*** Begin section ***

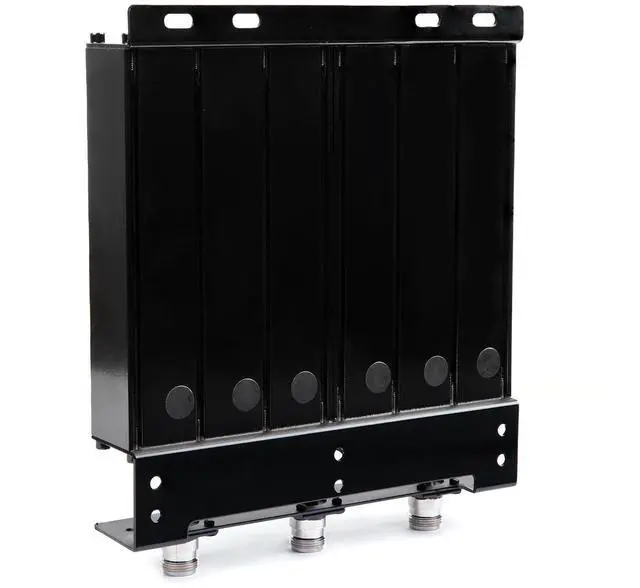Alt view image 4 of 5 - Fumei UHF 400-470MHz 50W Duplexer for Radio Repeater with Preset Low Frequency 462MHz & High Frequency 467MHz & N Female connectors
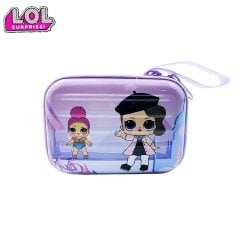 Lol Bebek Sürpriz Mor Metal Cüzdan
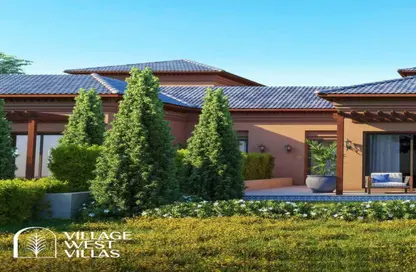 Villa - 5 Bedrooms - 5 Bathrooms for sale in Royal Meadows - Sheikh Zayed Compounds - Sheikh Zayed City - Giza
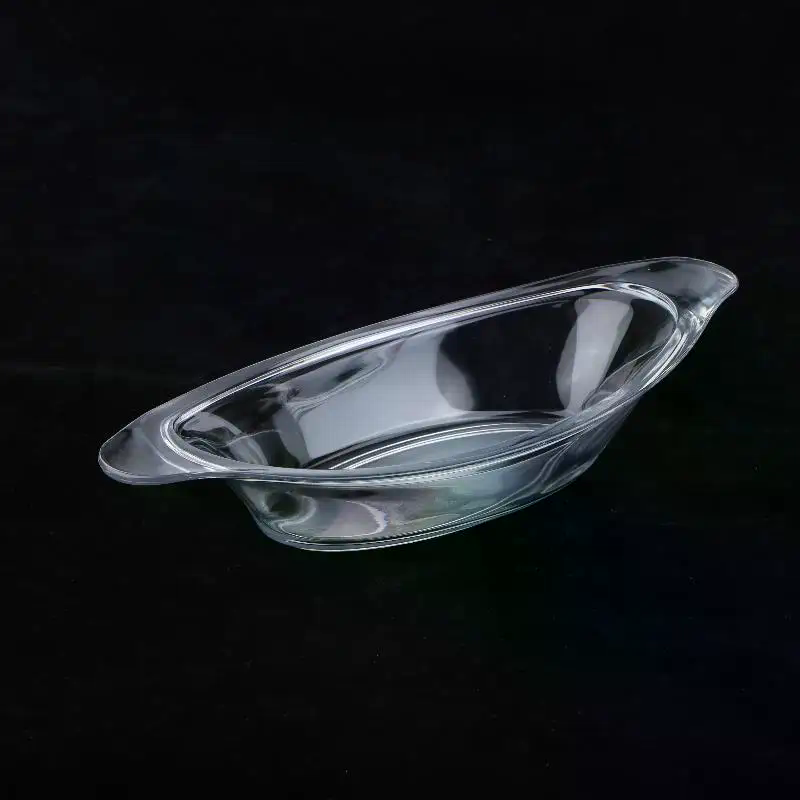 Miski na banana split, akrylow – Food Storage Acrylic Containers recenzja i cena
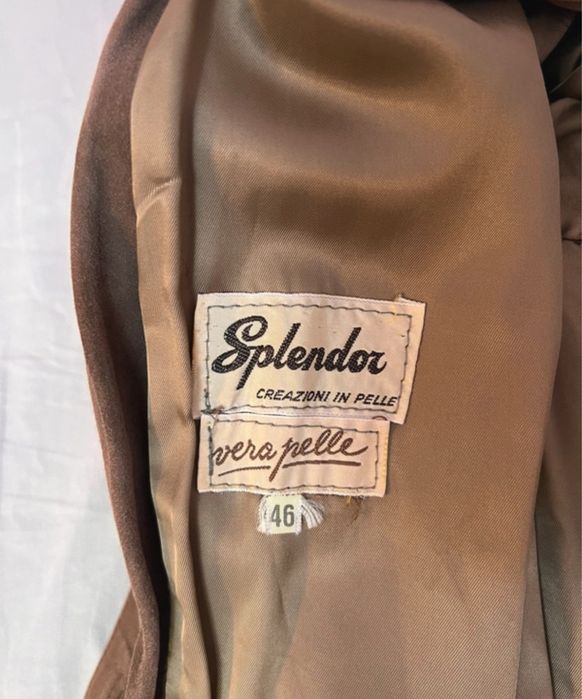 Geaca Splendor suede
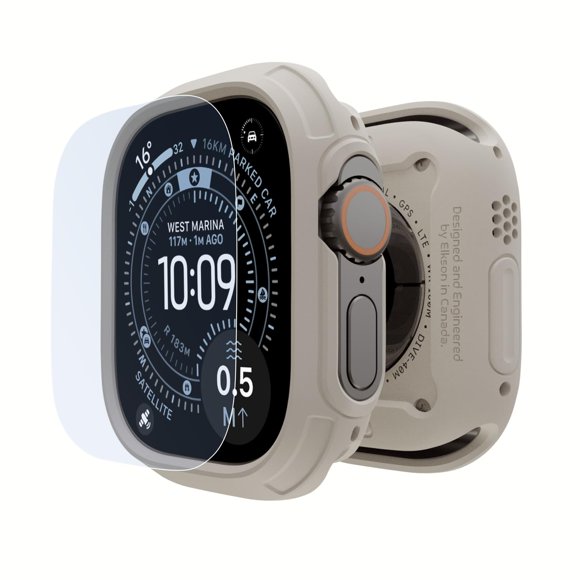 Funda Elkson Quattro Max 49mm para Apple Watch Ultra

*** End section ***

Please reproduce, word for word, only the lines from the line that holds "Villa - 5 Bedrooms" through the final line of the entries above, omitting any pictures.

 Villa - 5 Bedrooms - 5 Bathrooms for sale in Royal Meadows - Sheikh Zayed Compounds - Sheikh Zayed City - Giza
 Miski na banana split, akrylow – Food Storage Acrylic Containers recenzja i cena
 Geaca Splendor suede
 Funda Elkson Quattro Max 49mm para Apple Watch Ultra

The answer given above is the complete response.